* _Task item_
Every line of the data should be written out exactly, with the pictures left out.

* _Input data_
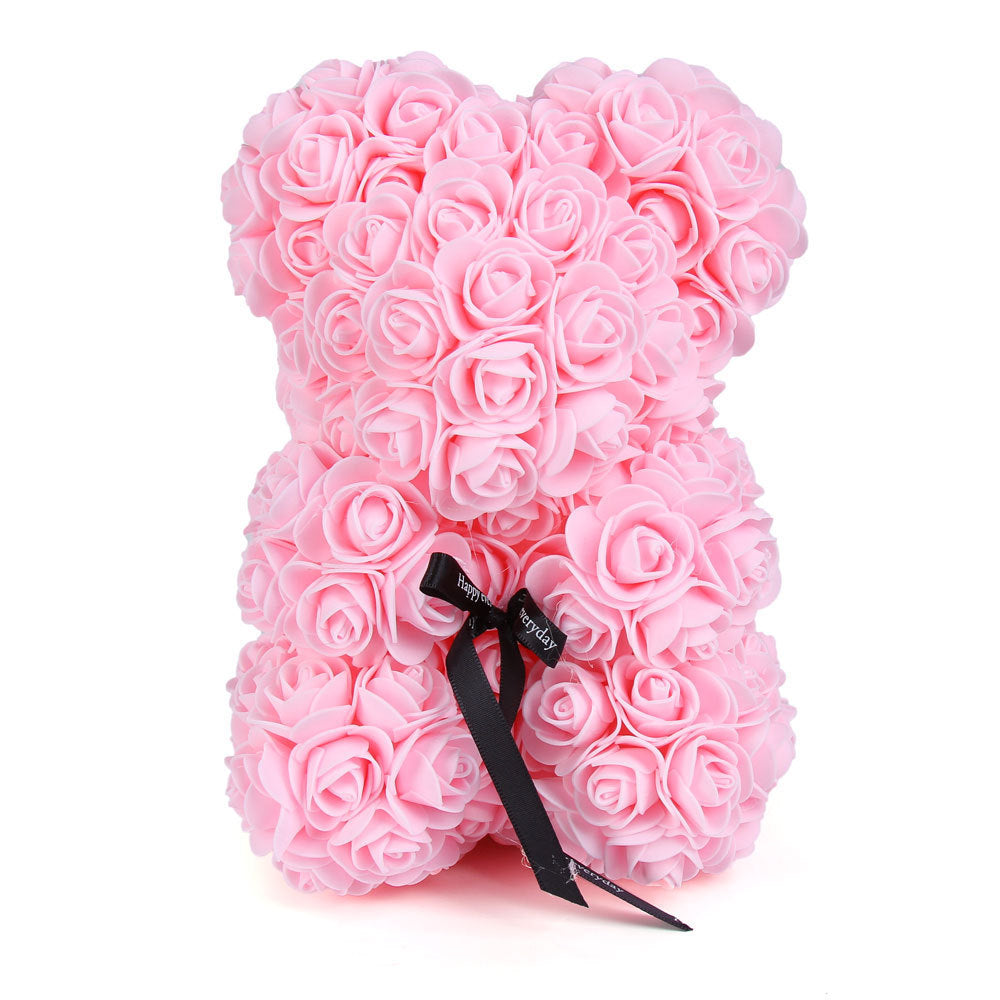 Eprolo Mother's Day gift featuring a 25cm foam flower bear with PE rose flowers in a PVC gift box, perfect for Valentine's Day.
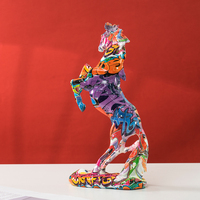 Statue de cheval en résine de 12,9 pouces, finition graffiti, faite à la main et peinte à la main, modèle d'animal, figurine pour décoration intérieure de table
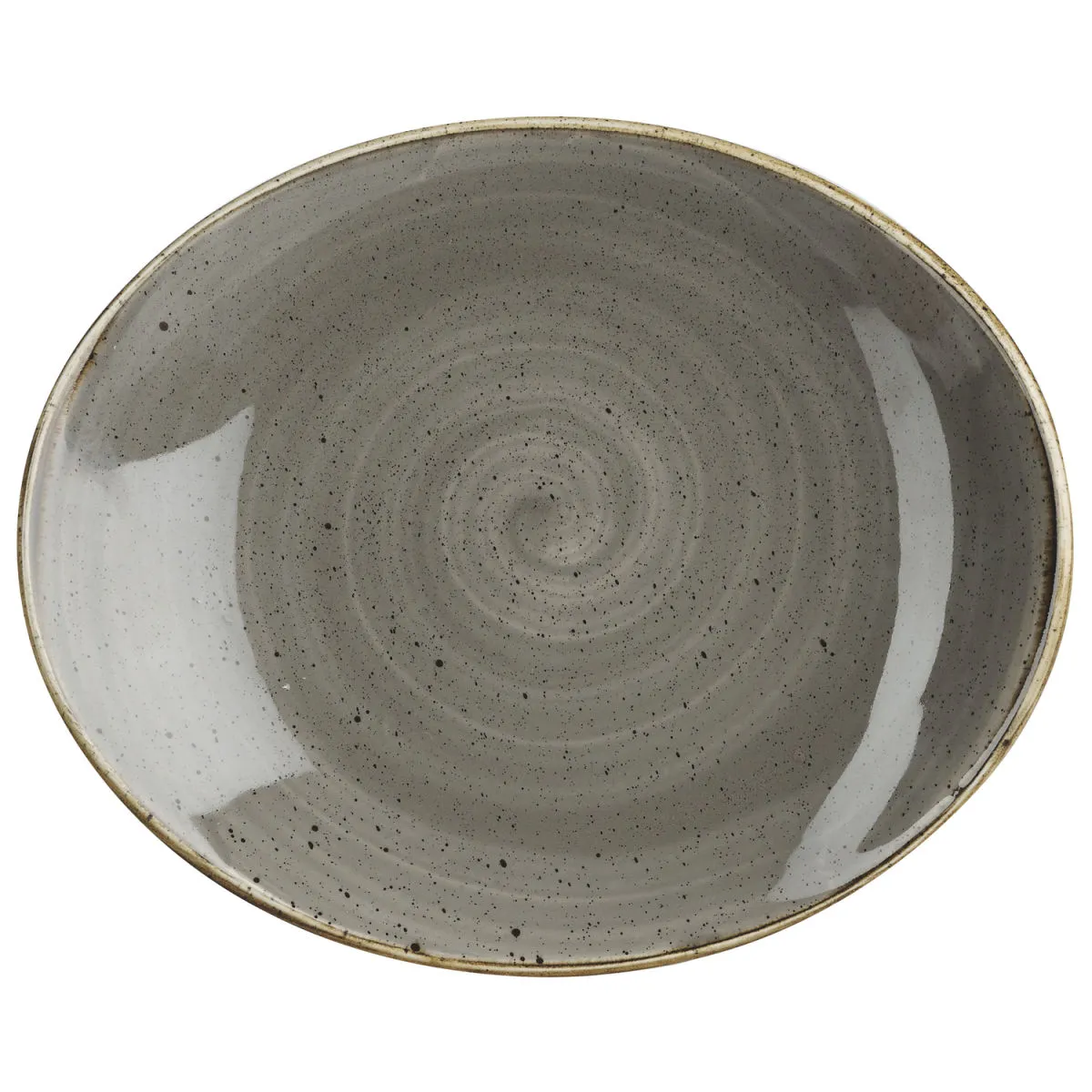 12x Churchill Piatto Stonecast Peppercorn ovale Coupe; 19.2x16 cm (LxL); grigio/marrone; ovale; 12 pz. / Pacco - immagine 1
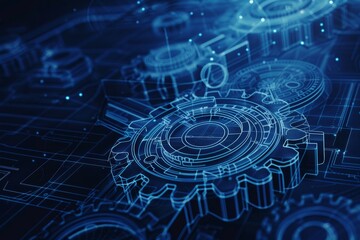 Fototapeta premium Precision and Progress: Blue Wireframe Gears in a Seamless Mechanical Array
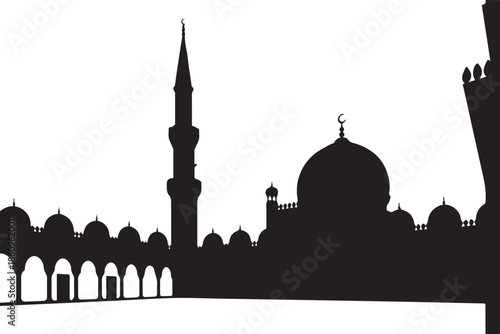 Black silhouette of mosque with domes and minaret black and white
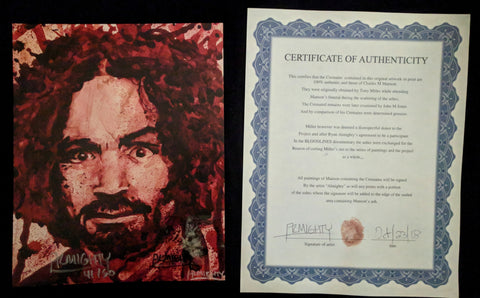 Charlie / Charles Manson human blood ash / cremains print with COA by Ryan Almighty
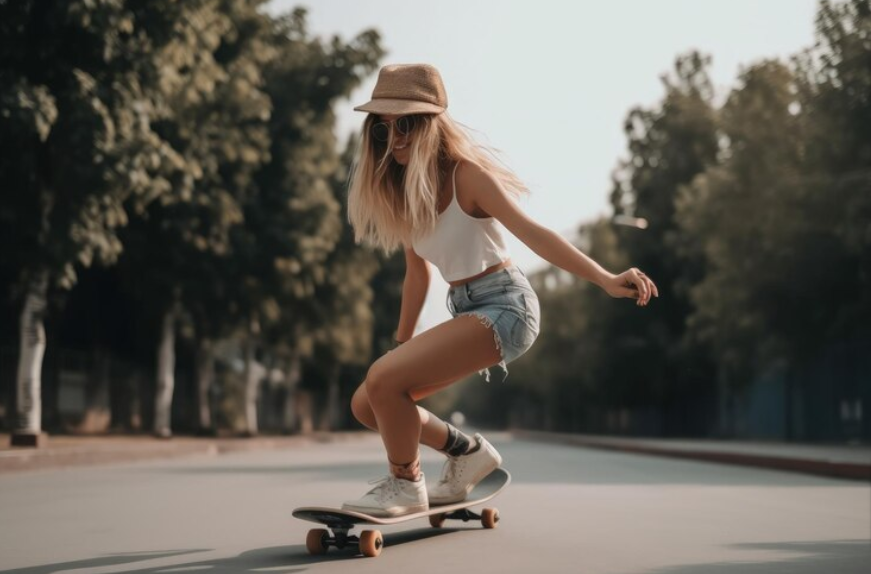 Premium AI Image A woman riding a skateboard down a street generative AI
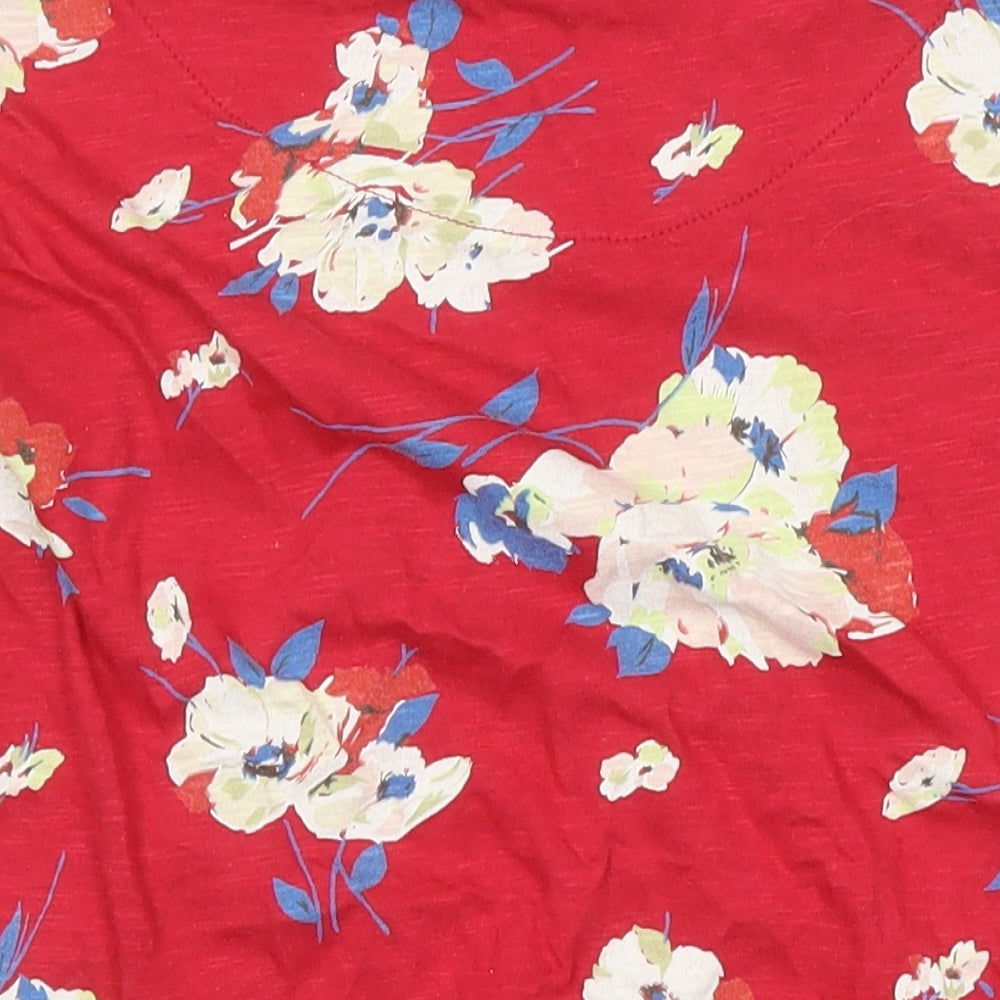 NEXT Womens Multicoloured Floral 100% Cotton Jersey Blouse Size 10 Boat Neck - Elasticated hem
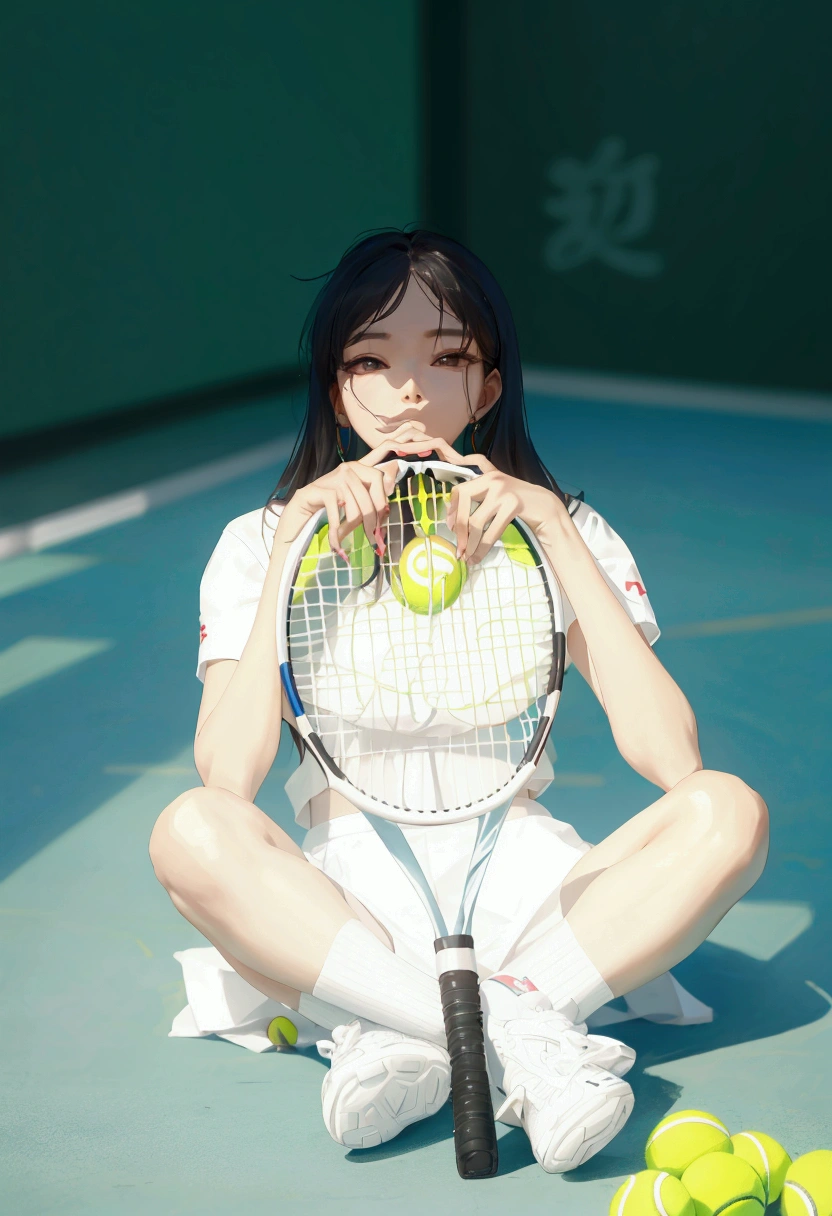 araffe woman sitting on the ground with a Tennis racket and tennis balls, a girl Play tennis, Cheng Man Kit, Tennis Clothes, Play tennis, Bae Suzy, Tennis racket, xintong chen, wenfei ye, yanjun chengt, Wenjun Lin, li zixin, jinyiwei, Nam Jae-yeon, Chengyou Liu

* _Answer box_
 Eprolo Mother's Day gift featuring a 25cm foam flower bear with PE rose flowers in a PVC gift box, perfect for Valentine's Day.
 Statue de cheval en résine de 12,9 pouces, finition graffiti, faite à la main et peinte à la main, modèle d'animal, figurine pour décoration intérieure de table
 12x Churchill Piatto Stonecast Peppercorn ovale Coupe; 19.2x16 cm (LxL); grigio/marrone; ovale; 12 pz. / Pacco - immagine 1
 Fototapeta premium Precision and Progress: Blue Wireframe Gears in a Seamless Mechanical Array
 Black silhouette of mosque with domes and minaret black and white
 Charlie / Charles Manson human blood ash / cremains print with COA by Ryan Almighty
 Premium AI Image A woman riding a skateboard down a street generative AI
 NEXT Womens Multicoloured Floral 100% Cotton Jersey Blouse Size 10 Boat Neck - Elasticated hem
 araffe woman sitting on the ground with a Tennis racket and tennis balls, a girl Play tennis, Cheng Man Kit, Tennis Clothes, Play tennis, Bae Suzy, Tennis racket, xintong chen, wenfei ye, yanjun chengt, Wenjun Lin, li zixin, jinyiwei, Nam Jae-yeon, Chengyou Liu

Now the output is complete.